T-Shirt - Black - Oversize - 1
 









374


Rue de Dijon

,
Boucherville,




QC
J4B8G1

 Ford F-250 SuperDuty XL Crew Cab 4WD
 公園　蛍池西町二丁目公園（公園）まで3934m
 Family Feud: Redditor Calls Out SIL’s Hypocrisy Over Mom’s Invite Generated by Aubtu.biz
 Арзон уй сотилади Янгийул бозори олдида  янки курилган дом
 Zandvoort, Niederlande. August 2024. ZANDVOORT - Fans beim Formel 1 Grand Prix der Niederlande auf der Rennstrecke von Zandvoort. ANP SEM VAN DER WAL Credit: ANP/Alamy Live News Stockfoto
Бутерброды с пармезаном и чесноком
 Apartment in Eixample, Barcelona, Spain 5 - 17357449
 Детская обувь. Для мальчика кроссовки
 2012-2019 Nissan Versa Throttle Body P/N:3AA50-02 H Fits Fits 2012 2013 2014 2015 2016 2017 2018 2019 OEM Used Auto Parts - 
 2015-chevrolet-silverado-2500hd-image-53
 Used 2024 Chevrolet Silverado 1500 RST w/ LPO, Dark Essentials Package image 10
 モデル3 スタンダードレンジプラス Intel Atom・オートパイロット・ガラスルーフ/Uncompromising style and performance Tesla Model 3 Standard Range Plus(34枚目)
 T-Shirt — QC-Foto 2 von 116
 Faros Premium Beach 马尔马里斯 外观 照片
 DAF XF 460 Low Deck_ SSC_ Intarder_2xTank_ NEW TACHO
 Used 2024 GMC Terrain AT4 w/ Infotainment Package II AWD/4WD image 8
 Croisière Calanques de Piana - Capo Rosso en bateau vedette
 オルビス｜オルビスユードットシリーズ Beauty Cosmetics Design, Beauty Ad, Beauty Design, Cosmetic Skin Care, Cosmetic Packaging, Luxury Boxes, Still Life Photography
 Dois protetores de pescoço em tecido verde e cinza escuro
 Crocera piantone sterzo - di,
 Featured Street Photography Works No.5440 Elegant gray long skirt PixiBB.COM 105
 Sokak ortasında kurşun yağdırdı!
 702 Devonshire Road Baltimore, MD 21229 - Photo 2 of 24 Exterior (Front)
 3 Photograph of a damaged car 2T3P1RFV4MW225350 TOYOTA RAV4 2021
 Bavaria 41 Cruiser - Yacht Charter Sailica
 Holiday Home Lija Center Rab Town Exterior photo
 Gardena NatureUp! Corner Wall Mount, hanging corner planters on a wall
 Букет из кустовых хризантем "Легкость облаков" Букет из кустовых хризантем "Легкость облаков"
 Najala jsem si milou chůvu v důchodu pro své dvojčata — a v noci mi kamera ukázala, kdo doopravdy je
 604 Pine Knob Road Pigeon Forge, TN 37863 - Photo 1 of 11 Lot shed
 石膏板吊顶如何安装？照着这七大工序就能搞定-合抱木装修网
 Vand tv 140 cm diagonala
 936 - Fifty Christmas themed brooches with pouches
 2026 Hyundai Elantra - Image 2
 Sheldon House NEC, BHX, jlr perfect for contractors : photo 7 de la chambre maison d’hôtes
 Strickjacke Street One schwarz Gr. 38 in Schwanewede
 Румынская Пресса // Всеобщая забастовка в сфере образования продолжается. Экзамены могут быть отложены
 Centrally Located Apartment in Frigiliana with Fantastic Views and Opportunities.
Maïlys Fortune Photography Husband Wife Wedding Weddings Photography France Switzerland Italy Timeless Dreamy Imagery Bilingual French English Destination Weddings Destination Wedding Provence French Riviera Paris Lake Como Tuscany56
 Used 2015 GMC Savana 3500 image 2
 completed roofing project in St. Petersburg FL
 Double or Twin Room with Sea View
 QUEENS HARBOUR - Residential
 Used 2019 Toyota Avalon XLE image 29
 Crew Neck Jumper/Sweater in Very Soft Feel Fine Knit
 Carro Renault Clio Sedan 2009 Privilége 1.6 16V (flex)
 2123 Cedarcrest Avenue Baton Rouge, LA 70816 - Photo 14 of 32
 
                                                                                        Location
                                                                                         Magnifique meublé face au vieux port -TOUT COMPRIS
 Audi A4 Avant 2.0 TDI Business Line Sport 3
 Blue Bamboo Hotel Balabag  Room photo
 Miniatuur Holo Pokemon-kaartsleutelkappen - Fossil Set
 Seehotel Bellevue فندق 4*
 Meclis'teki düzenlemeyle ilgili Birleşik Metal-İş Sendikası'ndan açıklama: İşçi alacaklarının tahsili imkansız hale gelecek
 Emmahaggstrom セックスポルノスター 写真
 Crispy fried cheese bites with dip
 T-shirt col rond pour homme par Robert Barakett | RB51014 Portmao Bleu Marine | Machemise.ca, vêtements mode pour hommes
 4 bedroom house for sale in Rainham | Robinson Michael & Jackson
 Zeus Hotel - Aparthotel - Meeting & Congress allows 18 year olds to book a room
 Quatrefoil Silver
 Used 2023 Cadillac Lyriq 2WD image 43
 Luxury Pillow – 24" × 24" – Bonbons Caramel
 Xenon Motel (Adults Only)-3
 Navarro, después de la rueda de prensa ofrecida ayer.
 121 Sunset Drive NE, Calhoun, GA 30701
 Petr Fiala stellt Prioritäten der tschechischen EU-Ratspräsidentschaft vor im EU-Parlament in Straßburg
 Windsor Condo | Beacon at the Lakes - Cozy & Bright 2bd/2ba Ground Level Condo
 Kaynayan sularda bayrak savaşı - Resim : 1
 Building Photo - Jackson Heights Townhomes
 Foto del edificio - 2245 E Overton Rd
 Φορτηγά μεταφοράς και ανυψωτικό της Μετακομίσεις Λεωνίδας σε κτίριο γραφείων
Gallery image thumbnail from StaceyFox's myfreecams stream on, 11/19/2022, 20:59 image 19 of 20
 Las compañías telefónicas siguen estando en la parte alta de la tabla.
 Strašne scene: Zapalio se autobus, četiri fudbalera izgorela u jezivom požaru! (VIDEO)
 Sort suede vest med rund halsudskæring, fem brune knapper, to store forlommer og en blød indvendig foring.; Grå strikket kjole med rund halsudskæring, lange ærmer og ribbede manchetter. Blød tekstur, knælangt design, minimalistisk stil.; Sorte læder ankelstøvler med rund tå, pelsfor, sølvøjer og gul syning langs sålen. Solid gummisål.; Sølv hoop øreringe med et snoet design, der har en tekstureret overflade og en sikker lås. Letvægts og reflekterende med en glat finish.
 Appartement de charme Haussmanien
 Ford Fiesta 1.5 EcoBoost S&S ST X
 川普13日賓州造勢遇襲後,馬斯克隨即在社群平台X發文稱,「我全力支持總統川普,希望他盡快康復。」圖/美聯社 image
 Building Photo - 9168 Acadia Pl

**HOW TO COMPLETE THIS TASK:**
Reproduce exactly the stretch of the material above that starts at the line with "Zeus Hotel - Aparthotel" and ends at the line with "Sort suede vest", both included, and nothing else.

**ANSWER FOR THIS EXERCISE:**
 Zeus Hotel - Aparthotel - Meeting & Congress allows 18 year olds to book a room
 Quatrefoil Silver
 Used 2023 Cadillac Lyriq 2WD image 43
 Luxury Pillow – 24" × 24" – Bonbons Caramel
 Xenon Motel (Adults Only)-3
 Navarro, después de la rueda de prensa ofrecida ayer.
 121 Sunset Drive NE, Calhoun, GA 30701
 Petr Fiala stellt Prioritäten der tschechischen EU-Ratspräsidentschaft vor im EU-Parlament in Straßburg
 Windsor Condo | Beacon at the Lakes - Cozy & Bright 2bd/2ba Ground Level Condo
 Kaynayan sularda bayrak savaşı - Resim : 1
 Building Photo - Jackson Heights Townhomes
 Foto del edificio - 2245 E Overton Rd
 Φορτηγά μεταφοράς και ανυψωτικό της Μετακομίσεις Λεωνίδας σε κτίριο γραφείων
Gallery image thumbnail from StaceyFox's myfreecams stream on, 11/19/2022, 20:59 image 19 of 20
 Las compañías telefónicas siguen estando en la parte alta de la tabla.
 Strašne scene: Zapalio se autobus, četiri fudbalera izgorela u jezivom požaru! (VIDEO)
 Sort suede vest med rund halsudskæring, fem brune knapper, to store forlommer og en blød indvendig foring.; Grå strikket kjole med rund halsudskæring, lange ærmer og ribbede manchetter. Blød tekstur, knælangt design, minimalistisk stil.; Sorte læder ankelstøvler med rund tå, pelsfor, sølvøjer og gul syning langs sålen. Solid gummisål.; Sølv hoop øreringe med et snoet design, der har en tekstureret overflade og en sikker lås. Letvægts og reflekterende med en glat finish.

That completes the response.